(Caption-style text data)

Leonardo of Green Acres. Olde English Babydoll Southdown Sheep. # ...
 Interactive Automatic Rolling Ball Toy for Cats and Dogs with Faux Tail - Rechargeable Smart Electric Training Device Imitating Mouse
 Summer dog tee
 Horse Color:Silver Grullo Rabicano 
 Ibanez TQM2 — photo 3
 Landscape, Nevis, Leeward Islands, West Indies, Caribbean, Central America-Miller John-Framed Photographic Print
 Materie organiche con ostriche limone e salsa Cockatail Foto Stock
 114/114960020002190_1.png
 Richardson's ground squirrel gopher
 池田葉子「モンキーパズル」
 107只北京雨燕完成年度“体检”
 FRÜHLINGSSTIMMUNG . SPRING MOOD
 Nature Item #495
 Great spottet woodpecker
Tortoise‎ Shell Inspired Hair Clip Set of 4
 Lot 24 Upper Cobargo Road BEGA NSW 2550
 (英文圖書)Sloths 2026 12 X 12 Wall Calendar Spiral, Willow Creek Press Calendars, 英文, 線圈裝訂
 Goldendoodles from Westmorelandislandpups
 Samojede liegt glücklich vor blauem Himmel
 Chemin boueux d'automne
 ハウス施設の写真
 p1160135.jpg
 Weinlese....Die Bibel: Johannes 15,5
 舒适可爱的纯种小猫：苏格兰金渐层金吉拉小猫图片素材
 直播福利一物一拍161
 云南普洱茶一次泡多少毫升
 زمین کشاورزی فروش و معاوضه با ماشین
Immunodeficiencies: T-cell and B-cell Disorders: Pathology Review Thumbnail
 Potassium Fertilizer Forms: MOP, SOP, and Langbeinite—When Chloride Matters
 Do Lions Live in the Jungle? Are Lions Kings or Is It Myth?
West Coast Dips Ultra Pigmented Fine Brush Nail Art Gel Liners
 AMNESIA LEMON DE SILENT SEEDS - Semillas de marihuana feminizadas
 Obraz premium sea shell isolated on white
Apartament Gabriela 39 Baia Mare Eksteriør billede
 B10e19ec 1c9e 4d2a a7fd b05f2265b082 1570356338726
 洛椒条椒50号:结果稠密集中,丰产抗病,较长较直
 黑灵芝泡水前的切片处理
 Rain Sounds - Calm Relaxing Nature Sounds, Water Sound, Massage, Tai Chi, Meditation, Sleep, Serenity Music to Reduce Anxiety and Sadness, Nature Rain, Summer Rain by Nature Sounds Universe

TASK DIRECTIONS>
Going through the data, tally the lines containing "Nature" and report only the result.

ANSWER BELOW>
2